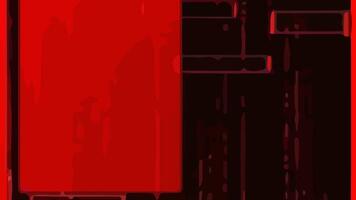 Aesthetic square abstract background with text space. Suitable for poster and banner vector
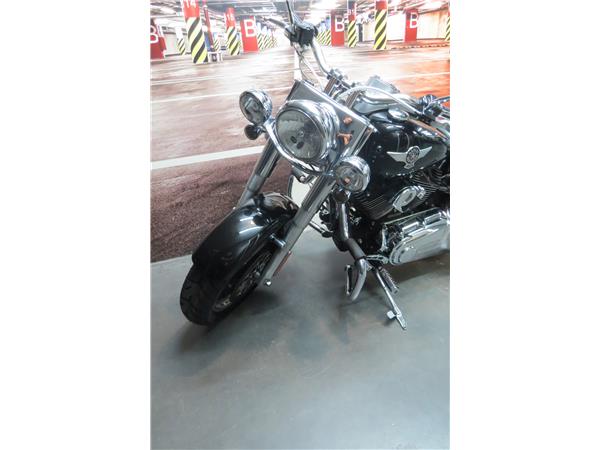 SOFTAIL FAT BOY 1584 SPECIAL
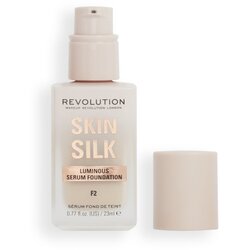 Revolution tekoča podlaga - Skin Silk Serum Foundation - F2 Cene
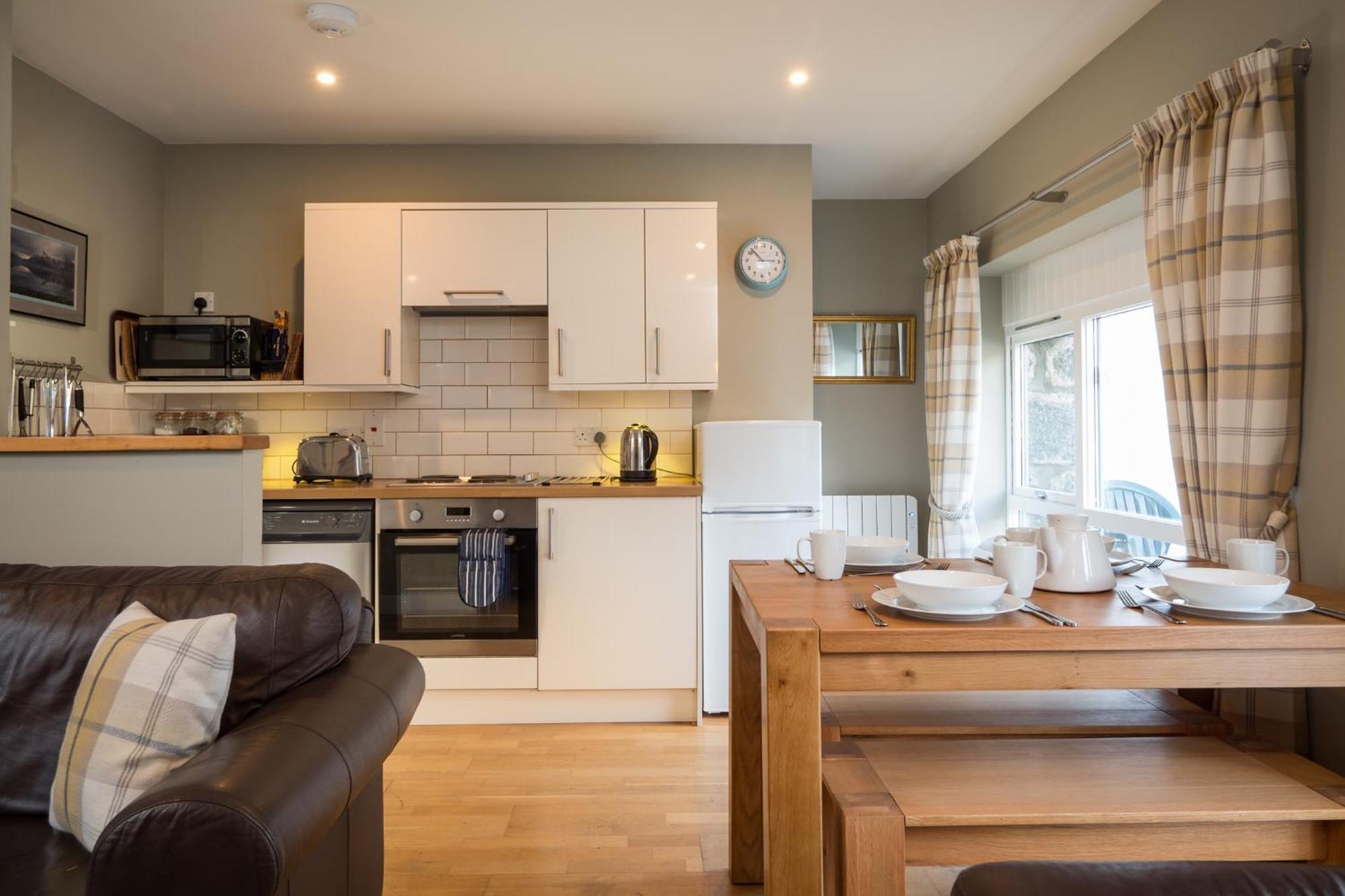 Highland Holiday Cottages Newtonmore Eksteriør billede
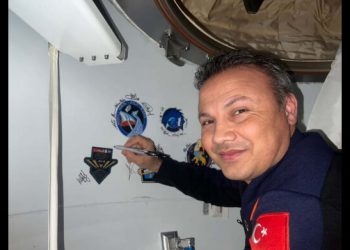 Alper Gezeravcı, Türkiye Uzay Ajansı Yönetim Kurulu Üyeliğine Atandı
▬▬▬
§ **What you should do**: Give the listing above again word for word, without its pictures.

§ **Your solution**:
 Aesthetic square abstract background with text space. Suitable for poster and banner vector
 SOFTAIL FAT BOY 1584 SPECIAL
 Revolution tekoča podlaga - Skin Silk Serum Foundation - F2 Cene
 Highland Holiday Cottages Newtonmore Eksteriør billede
 Alper Gezeravcı, Türkiye Uzay Ajansı Yönetim Kurulu Üyeliğine Atandı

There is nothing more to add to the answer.